If he continues to give you 'attitude' after that? Report him again.

[This message edited by gonnabe2016 at 10:37 PM, April 17th (Thursday)]

karmahappens posted 4/18/2014 08:35 AM

Thanks guys. I went to the union because if i Went to hr he would lose his job.

I have worked with this guy for three years. He lacks boundaries and says the most inappropriate things. I have been able to ignore him because I never felt targeted.

I am hoping the union rep can get through to him so he doesn't lose his job.

I won't work with him again until next week but am surprised to find myself uncomfortable with the thoughts of bumping into him.

I hope he listens, but fear his issues run deep. He might be good for a bit and then think he can loosen up

Jduff posted 4/18/2014 10:29 AM

I have worked with this guy for three years. He lacks boundaries and says the most inappropriate things. I have been able to ignore him because I never felt targeted.

I am hoping the union rep can get through to him so he doesn't lose his job.

I won't work with him again until next week but am surprised to find myself uncomfortable with the thoughts of bumping into him.

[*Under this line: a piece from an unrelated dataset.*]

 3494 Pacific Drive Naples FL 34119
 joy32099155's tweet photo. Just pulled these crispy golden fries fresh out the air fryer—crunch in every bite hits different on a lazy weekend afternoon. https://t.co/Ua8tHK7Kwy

And that is a hostile work environment. You shouldn't have to deal with or be uncomfortable with a co-workers displaying inappropriate behavior. Being that your in a secured room, this individual should be removed as he clearly lacks the character to be trusted in a secured environment of any kind. I don't know what specific duties your work performs, but if it involves secured access with sensitive material then this guy is showing a clear lack of integrity to be trusted for the job. He's an easy target to be "turned" for unauthorized access by an outside source. It's amazing what guys like that will give up for a piece of ass.

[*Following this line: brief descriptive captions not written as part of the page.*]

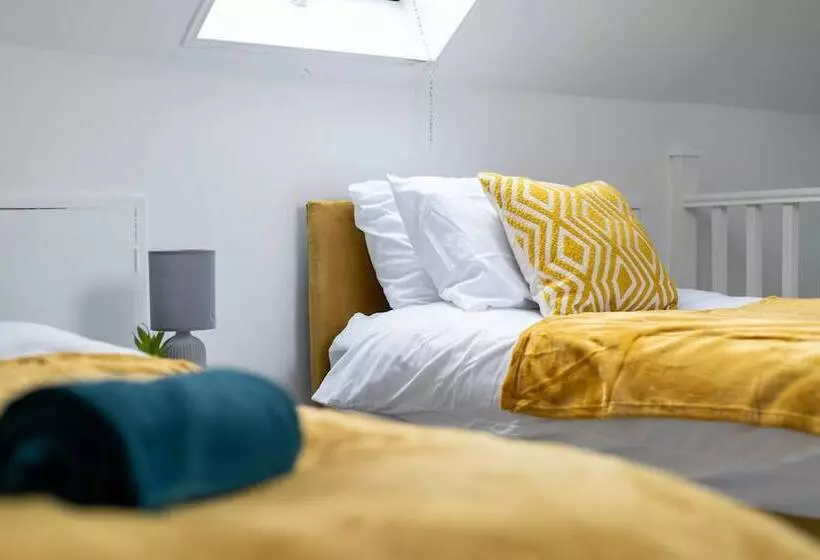 Residenssi Impeccable 3 Bed House In Abbeywood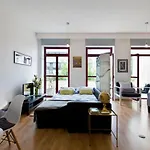 Apartment Terrace *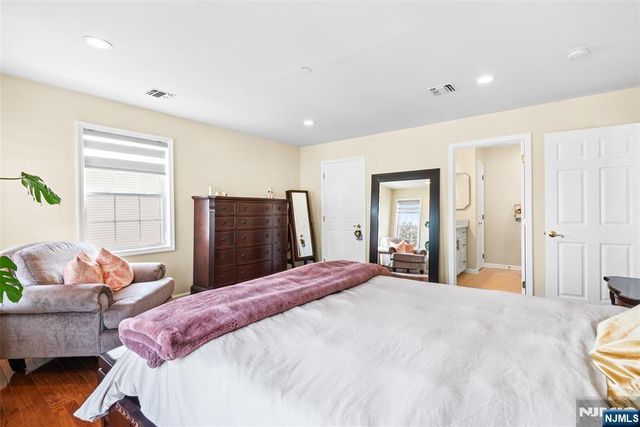 569 Coventry Drive 5070, Nutley, NJ 07110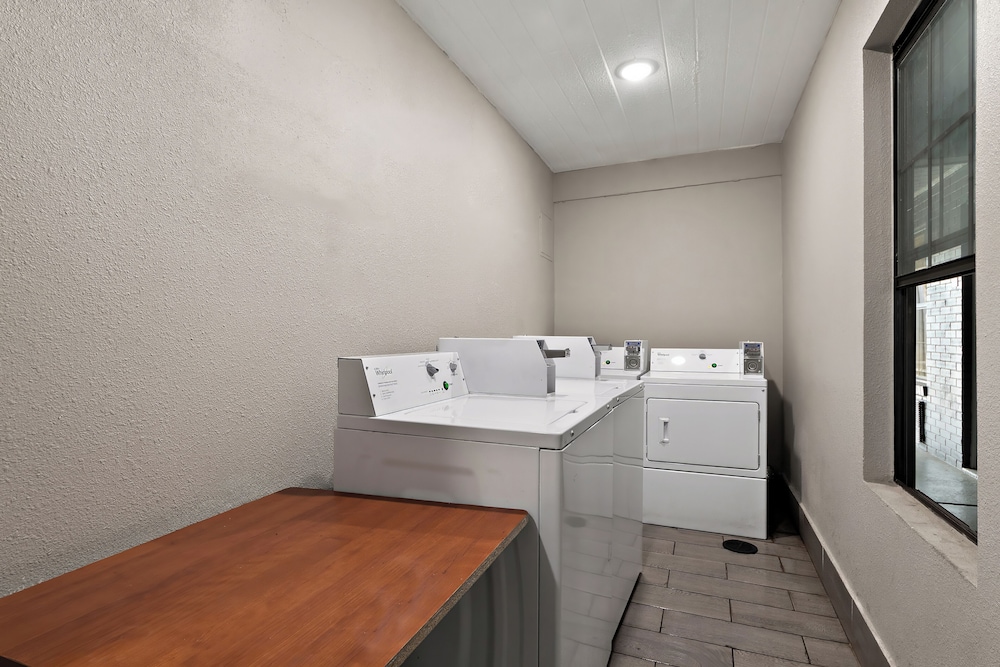 sky palace inn and suites by jasper laredo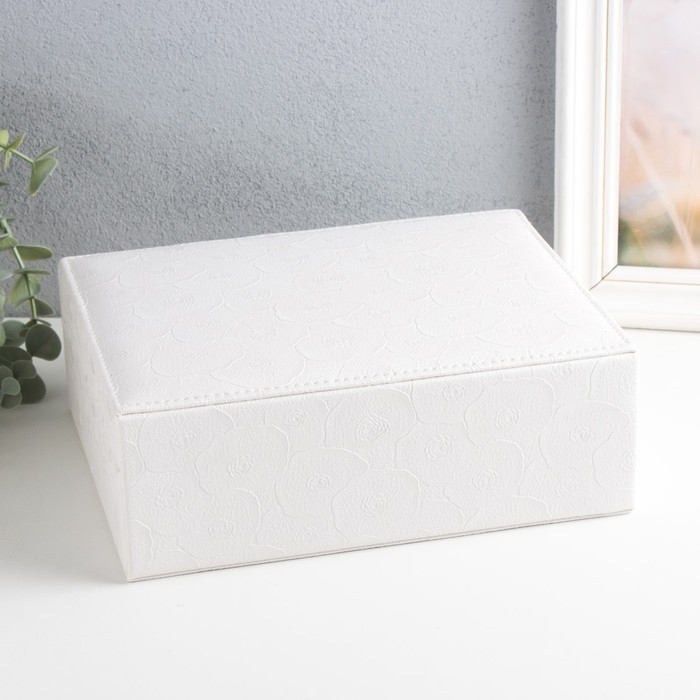 Шкатулка кожзам для украшений  Шкатулка кожзам для украшений "Пионы и лепестки" белая 8,5х23,5х18,5 см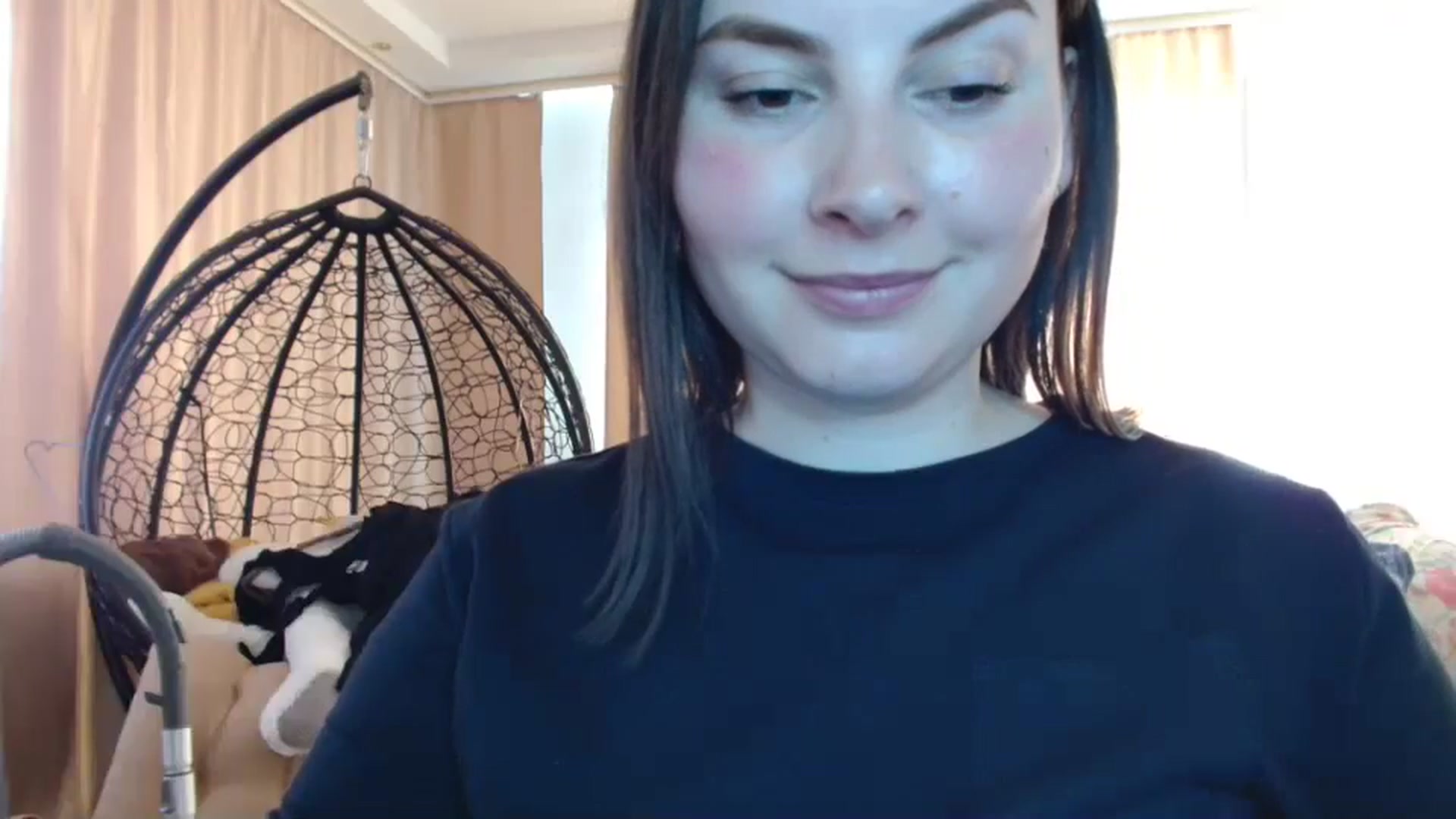 Gallery image thumbnail from MisssLove_is's myfreecams stream on, 04/20/2025, 11:14 image 14 of 20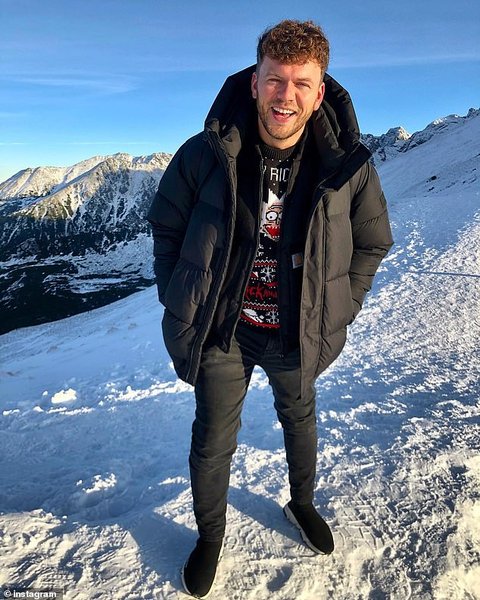 Кевін Фрешвотер, татуювання на лобі,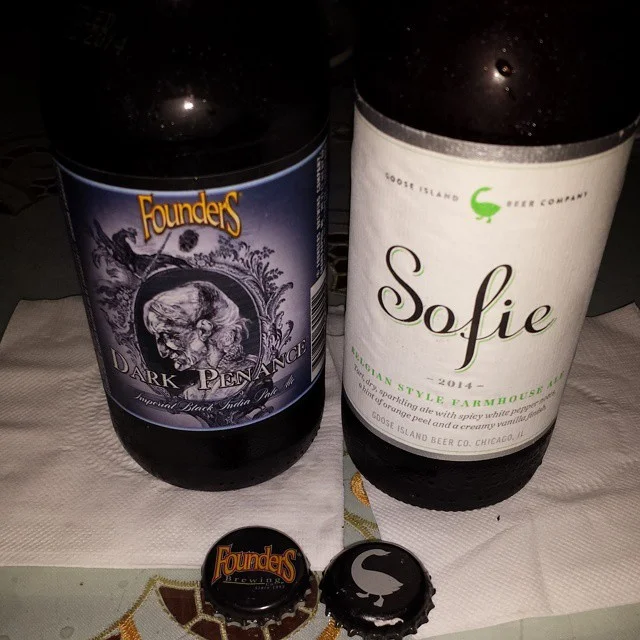 Founders Dark Penance y Goose Island Sofie vía @k1ngofjokers en Instagram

Skan posted 4/18/2014 14:52 PM

And then, if he starts showing his true colors again, you go to HR and tell them that you have already complained to your Union Rep named X, and since that didn't help, you now consider that this moron is going to continue to harass you while at work and you expect action.

You gave him the courtesy of firing a warning shot across his bow. If he ignores that, then you need to aim squarely at him.